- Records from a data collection
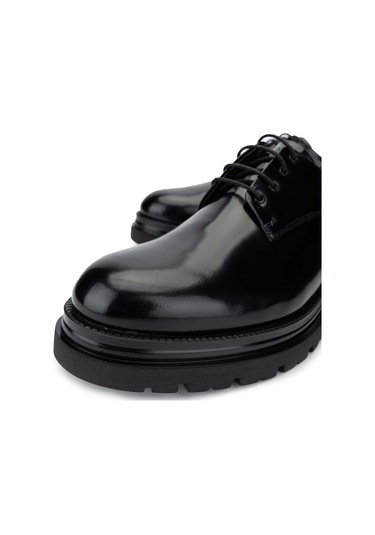 Tamer Tanca Erkek Hakiki Deri Siyah Açma Casual Ayakkabı 698 1153-2 Erk Ayk Sk24-25 Sıyah Acma Siyah Tamer Tanca Erkek Hakiki Deri Siyah Açma Casual Ayakkabı 698 1153-2 Erk Ayk Sk24-25 Sıyah Acma Siyah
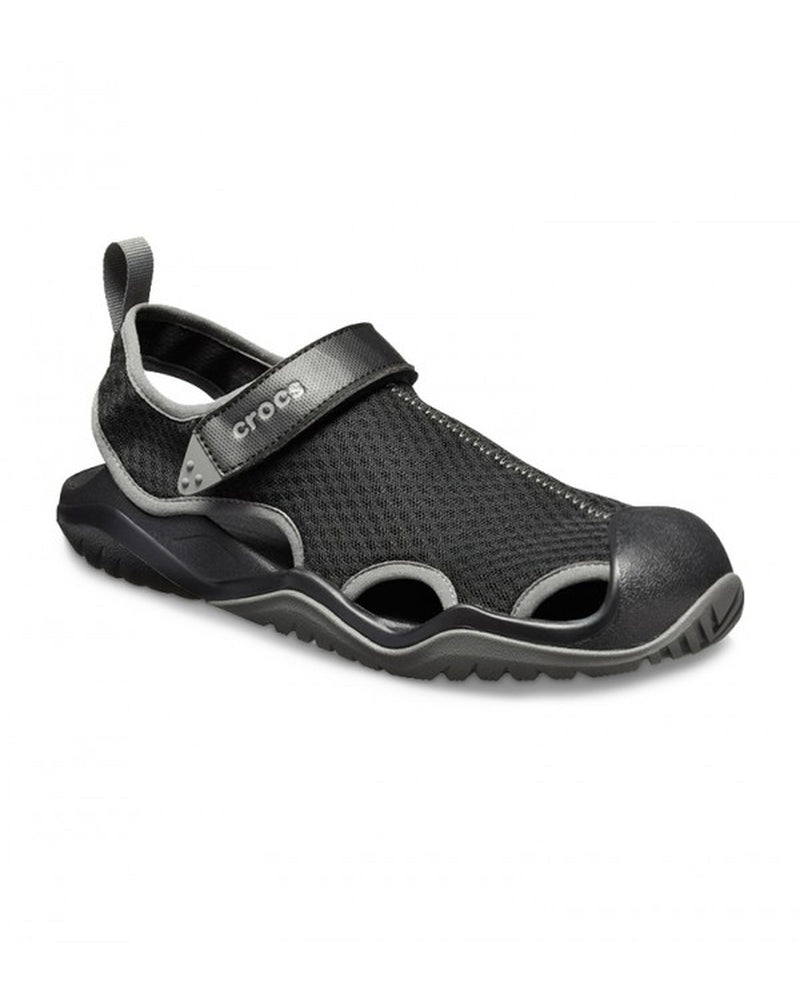 Crocs-Swiftwater-Sandal-205289-001
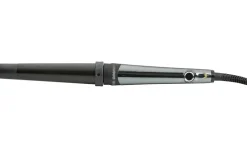 Rod VS4 Soft Curling Iron
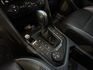 VOLKSWAGEN福斯 TIGUAN  第15張縮圖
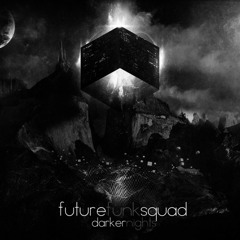 Future Funk Squad - Past Tense (Sudden Depth Remix) -  [192kps]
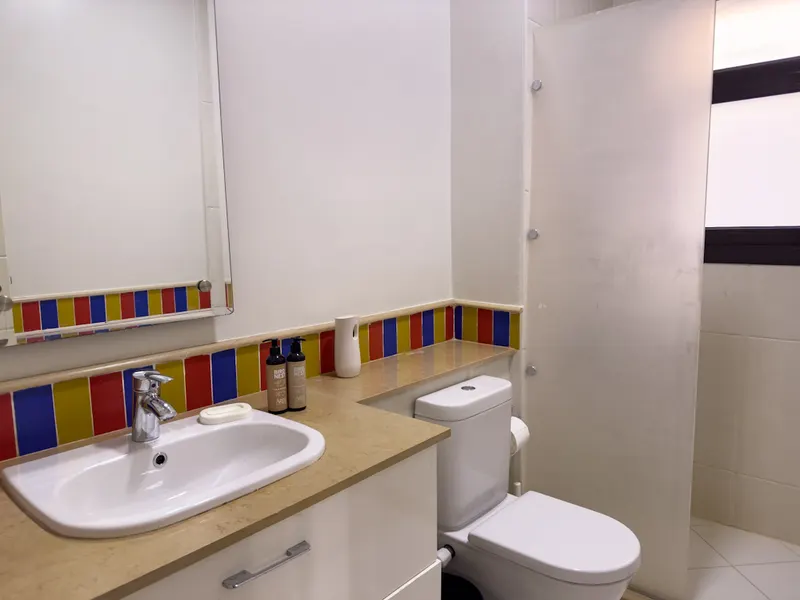 Holiday 3BR | Blanca — photo 6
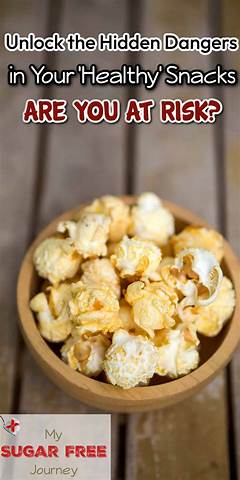 Anoniv The Hidden Danger Lurking In Your Everyday Item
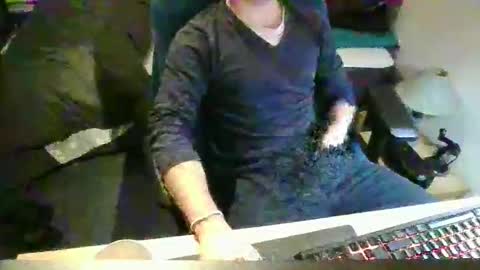 azdert online show from March 3, 1:56 am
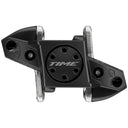 ATAC XC Pedals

- Task requirements
Leaving out the pictures, repeat the data above exactly.

- Result for this task
 Tamer Tanca Erkek Hakiki Deri Siyah Açma Casual Ayakkabı 698 1153-2 Erk Ayk Sk24-25 Sıyah Acma Siyah Tamer Tanca Erkek Hakiki Deri Siyah Açma Casual Ayakkabı 698 1153-2 Erk Ayk Sk24-25 Sıyah Acma Siyah
 Crocs-Swiftwater-Sandal-205289-001
 Rod VS4 Soft Curling Iron
 VOLKSWAGEN福斯 TIGUAN  第15張縮圖
 Future Funk Squad - Past Tense (Sudden Depth Remix) -  [192kps]
 Holiday 3BR | Blanca — photo 6
 Anoniv The Hidden Danger Lurking In Your Everyday Item
 azdert online show from March 3, 1:56 am
 ATAC XC Pedals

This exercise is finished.